I am sure the following situation - dealing with defaulting advertisers - occurs sufficiently widely within the magazine publishing industry to warrant investigation into how best to deal with it.
Probably, like most publications ought to be doing, there are procedures in place for collecting debts - starting with the media pack T&C plus other written contractual items which can be sent to underscore the responsibilities for the advertiser.
In thirteen years of publishing, we probably have had a dozen cases which have needed collection by credit control agencies, but, in addition to all the extra paperwork, often you never really get the full amount back. There is also the situation in which, whilst you may have a court judgment in your favour, collecting the money can be a different matter altogether. Add into the equation the necessity, in the US, for having to travel to the state in question, which often may have its own particular laws, and the complexity and hassle involved starts to become clear. Particularly when the defaulter knows this.
Lately, there is one defaulter which, having personally pledged to repay the outstanding amount from an ad series, has since gone bust and then started up again in the same premises under a new name. This leaves a bad taste in the mouth for us, the magazine, and it should not be our problem to learn how to deal with them - for example, at tradeshows - as though nothing had happened.
Another has quietly undergone a change of ownership status and, as its way of dealing with its debt, prefers not to communicate. To them, agreeing to advertising seems to come with optional payment.
However, it has long occurred to us that industry magazines represent a very powerful publicity vehicle - otherwise why are so many keen to use us? - and we wondered whether, being in the right, there would be any legal comeback on us should we decide to name and shame the defaulters. We would plan to advise them of our intention first by way of offering a further chance to settle what they owe.
Indeed, what is the legal position and how should we phrase our ‘naming and shaming’ offensive? We would hope that the threat of exposure to be sufficient in itself, and, besides, it is not the magazine that should be put on the defensive should they wish to challenge, legally, what we threaten to do by exposing them.
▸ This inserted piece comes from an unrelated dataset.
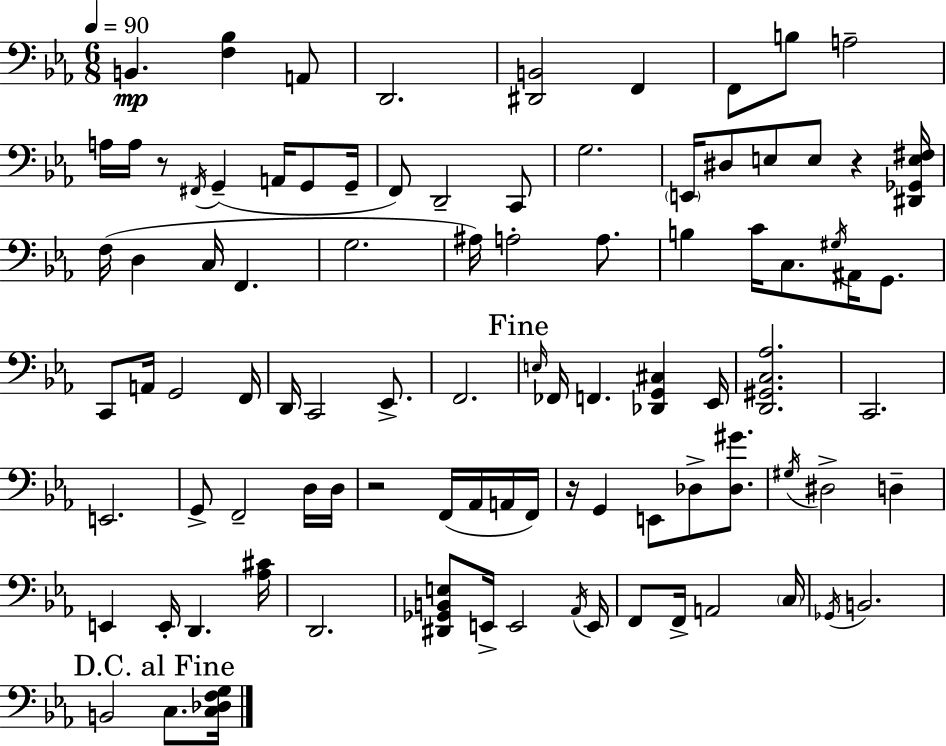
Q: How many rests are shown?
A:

Our response would be to say: “Get your lawyers involved and let's have the whole sorry episode of your defaulting right out in the open for all the industry to see.”
If I were a defaulting advertiser, I would be quite upset about what could be written for all the industry to see. That said, if I am behaving in an unbusinesslike manner and not paying my bills, then I have that much coming. We do not feel that the act of naming and shaming should automatically impact us negatively.
It also seems that where such situations occur with competitor magazines in our particular sector, they tend to say nothing while just quietly writing the debt off. Again, this seems so wrong, especially when we consider the power at a magazine's disposal. And, given that unique power, neither should we allow ourselves to be put in a position where it should cost us further money to retrieve just a fraction of it. The two situations, above, represent a hard-earned $12,500 for us.
We would be interested to know if the wider publishing industry agrees… what wording we can best get away with and indeed if any fellow publishers have any proven strategies that work in getting defaulters and other recalcitrants to pay what they owe.